First, looking at more percentiles is of course a good thing. Any one percentile gives you a very incomplete picture of the world. But actually the message that I want to convey here is that percentiles generally tend to hide very useful information and the center of your attention should be the distribution of your metric. Only after you have studied your distribution can you reasonably select one or a few simple summary statistics that tell the story of your metric clearly.
To make this more apparent I have prepared a few pictures. As you will see all these pictures have the same P50, P75, and P90 by construction.

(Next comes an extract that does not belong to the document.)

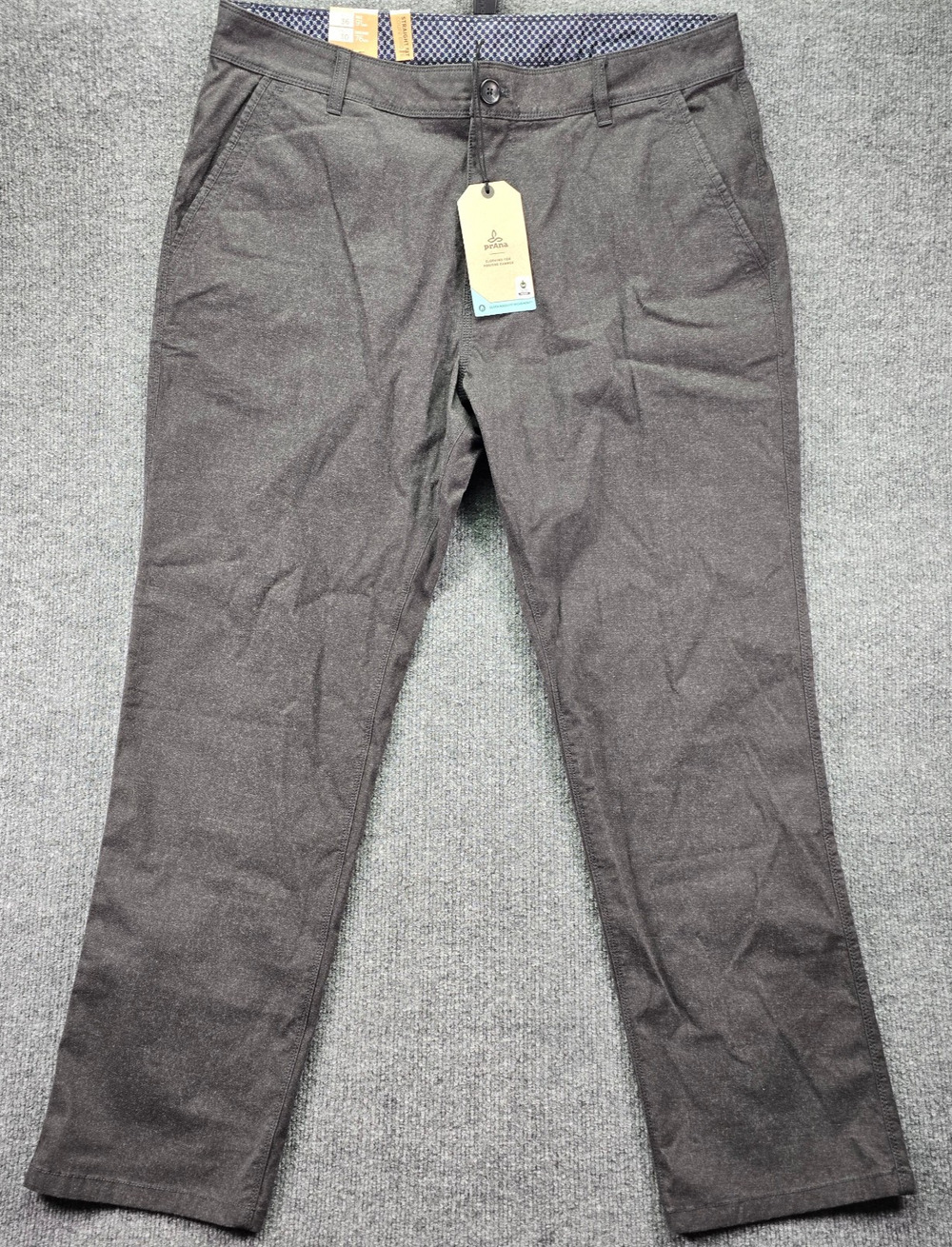 Prana Mcclee Pant 36x30 Charcoal Gray Organic Cotton Stretch Straight Fit Casual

Let’s start with the “baseline” picture:
Let’s pretend these are latencies. The first image shows 100 hypothetical observed latencies order by size. We can read the P50, P75, and P90 right off the chart as there are 100 points. You can easily see that there are linear sections with fixed slope up to P50 then a new slope to P75, then another slope to P90 and finally a slope to maximum value. The histogram shows the count of values in each bucket. In the interest of limiting clutter, I have only labelled the max value in both y axes because really only the shape matters for this discussion.

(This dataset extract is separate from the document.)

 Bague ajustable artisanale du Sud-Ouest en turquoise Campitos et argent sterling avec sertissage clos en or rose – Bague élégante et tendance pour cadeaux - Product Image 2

The histogram shows this gradual decay to higher values pretty clearly. And the P50, P75, and P90 are 12.5, 20.83, and 28.33 respectively. You’ll be seeing those a lot.
Let’s make a slight change to the data, we’ll do this a couple of times.

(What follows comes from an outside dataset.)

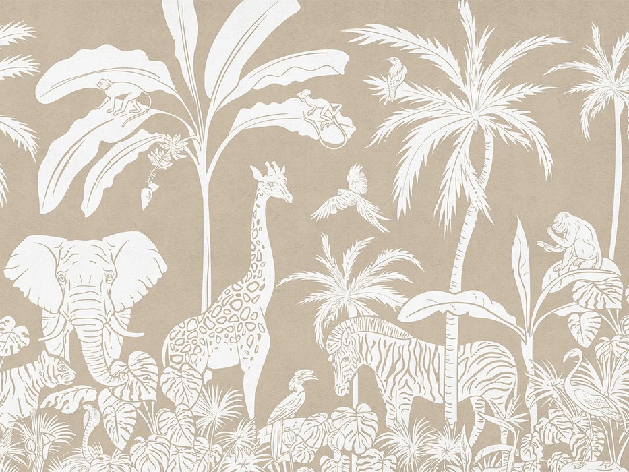 Papier peint enfant safari monochrome beige, XXL, tendance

As you can easily see looking at the overall data, this sample is materially worse. We now have minimum latency that is actually half of what the P50 used to be. Of course, P50 has not changed, and the rest of the data has not changed.
Now thinking about this from a work perspective. If we were making changes in a code base or a process what we see is that by using P50 we can commit any crime we like down at say P25 and it won’t affect our metrics. Likewise, any improvements before P50 do not appear at all. These could be very important improvements or regressions. And symmetrically, any crime beyond the last percentile examined is invisible. For instance P95 could be arbitrarily worsened.
Contrariwise, looking at the distribution (even a 10 bucket histogram) makes this change trivially pop. It’s easy to show what happened, and the nature of the change might even be probative in terms of figuring out the problem.
Let’s try another one.
Things are now even messier. There are now several linear regimes of different slopes. The distribution is interesting because there are two common latencies, corresponding to the flatter slope areas. The histogram shows this with peaks in the 1st and 4th bucket.
Now real data is typically not a linear spline and many kinds of changes you can make to a system are going to affect the response everywhere not just in one regime. But this is not universally true and indeed understanding the various parts of your distribution can be very helpful. For instance, you might see a bulge of service times after some few hundred milliseconds and upon reflection you might think “oh those are the times when our DNS cache is stale” this can tell you something about how to make things better.
Now, once you’ve made an improvement, or suffered a regression you might be able to summarize the effect very succinctly: “P50 is way worse” or “our best-case suffered as we can see in P25”, or whatever the case may be.
However, if you choose any given small set of percentiles. you will always be blind to important wins, or losses, and you lose the insights you might get by understanding shape. Demonstrating wins by showing differences in the shape is also very satisfying: “Look at how all those outliers clumped right up and shifted left.”
It’s worth noting that in many (most?) cases, the outliers are not actually anomalies but rather just part of the service norms. Sometimes things go wrong and a retry is required, sometimes some system is in a not ready state and there is a delay. You can see these effects in the distribution, and they are part of your operation. A second “bump” in an otherwise smooth fall off could be very telling “What is going on at 2 seconds?”
One final observation: this last distribution is actually the best of the bunch despite it being weird. It’s weirdly… good? A change like this pulling in a lot of cases into the low end should be celebrated.
Milk the distributions and use summary statistics only after you know that they tell the story accurately.